◆ WHAT THIS TASK INVOLVES
Restate word for word the section of the entries that opens at the line containing "Every Which Way" and closes at the line containing "Combo Baño Inodoro", both lines kept, pictures dropped.

◆ DATA FOR ANALYSIS

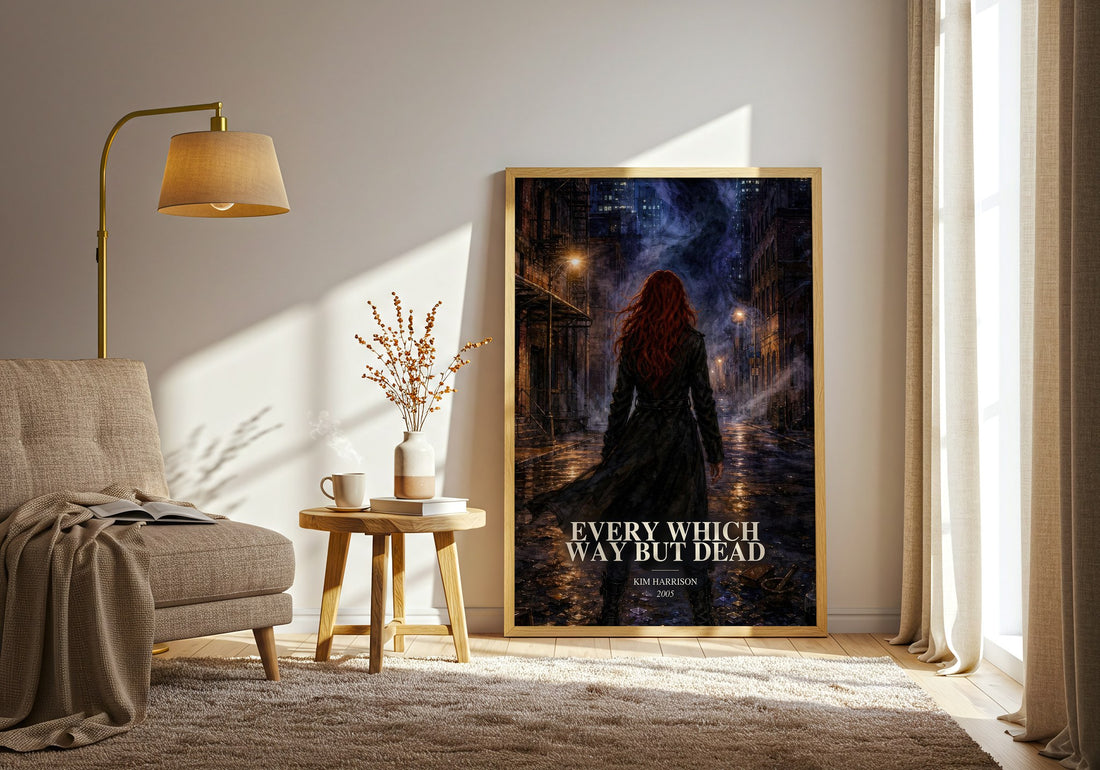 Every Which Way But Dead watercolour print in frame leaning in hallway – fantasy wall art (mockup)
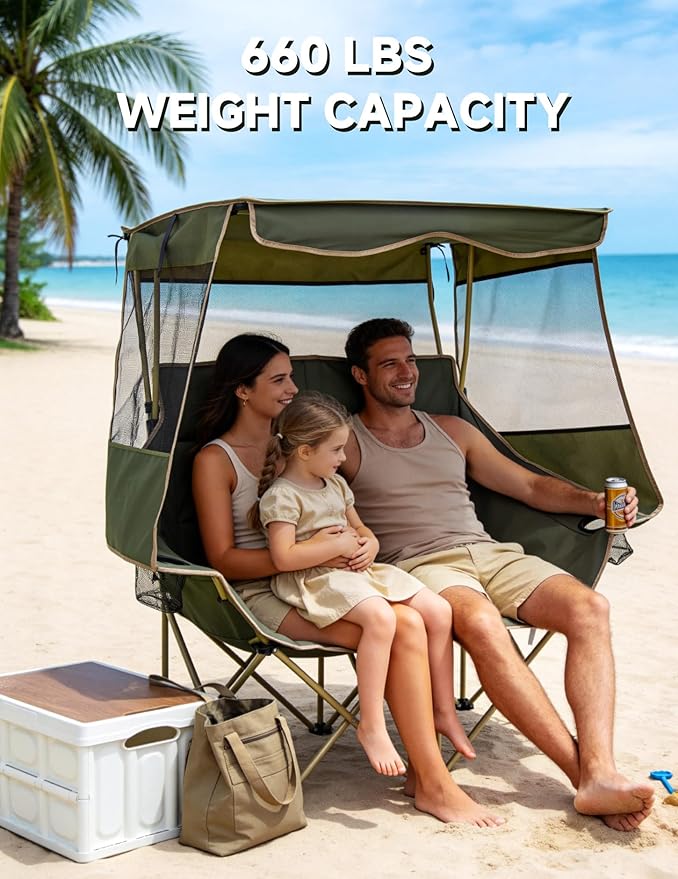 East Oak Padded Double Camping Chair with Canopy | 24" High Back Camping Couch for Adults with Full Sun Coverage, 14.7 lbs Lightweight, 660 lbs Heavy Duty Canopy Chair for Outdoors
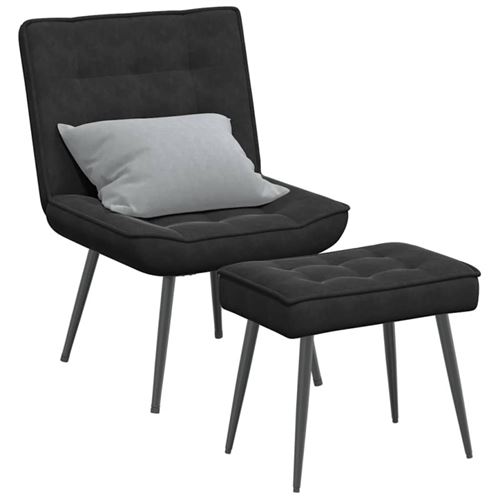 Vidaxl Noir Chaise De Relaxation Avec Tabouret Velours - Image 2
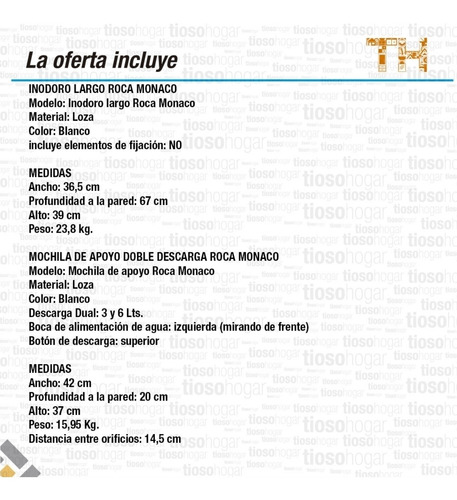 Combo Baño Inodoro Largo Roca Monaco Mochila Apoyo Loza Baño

* * *

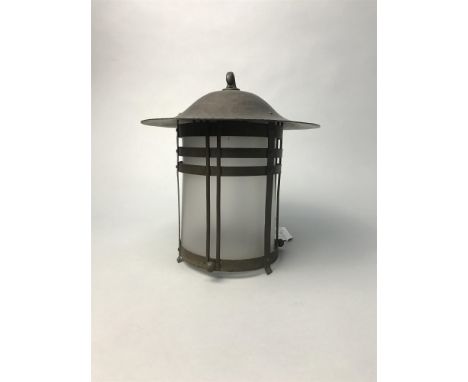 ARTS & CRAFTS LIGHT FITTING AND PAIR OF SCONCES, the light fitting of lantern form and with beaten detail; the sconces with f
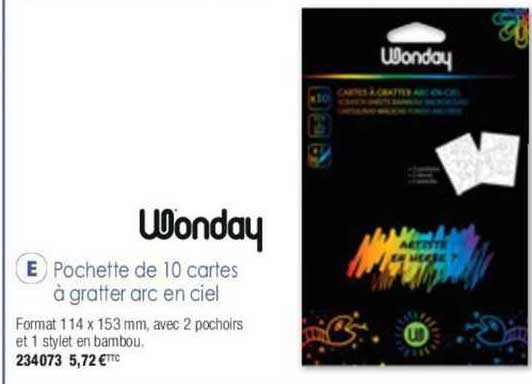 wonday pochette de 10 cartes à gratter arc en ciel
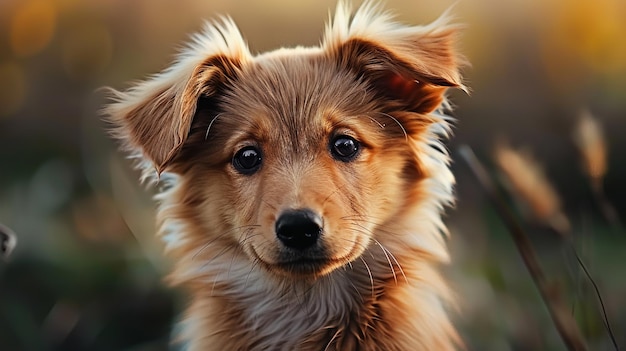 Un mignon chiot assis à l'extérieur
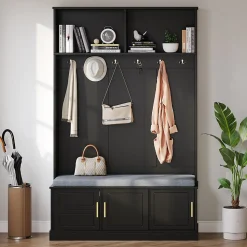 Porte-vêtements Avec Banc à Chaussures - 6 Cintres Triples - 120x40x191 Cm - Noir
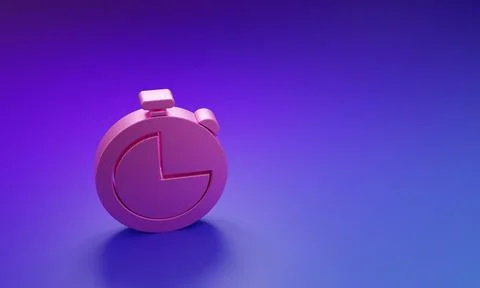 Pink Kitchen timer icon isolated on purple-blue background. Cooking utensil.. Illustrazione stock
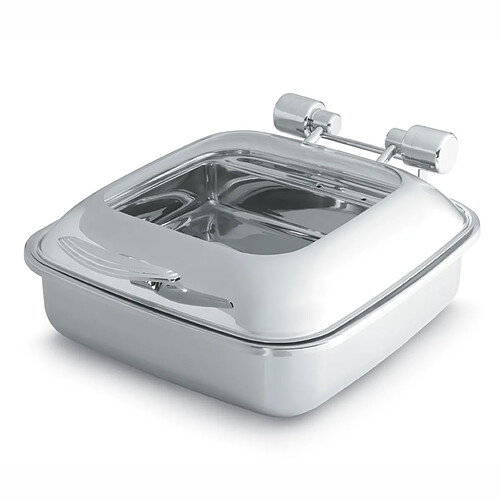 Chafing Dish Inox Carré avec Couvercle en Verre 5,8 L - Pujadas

◆ RESULT FOR THIS TASK
 Every Which Way But Dead watercolour print in frame leaning in hallway – fantasy wall art (mockup)
 East Oak Padded Double Camping Chair with Canopy | 24" High Back Camping Couch for Adults with Full Sun Coverage, 14.7 lbs Lightweight, 660 lbs Heavy Duty Canopy Chair for Outdoors
 Vidaxl Noir Chaise De Relaxation Avec Tabouret Velours - Image 2
 Combo Baño Inodoro Largo Roca Monaco Mochila Apoyo Loza Baño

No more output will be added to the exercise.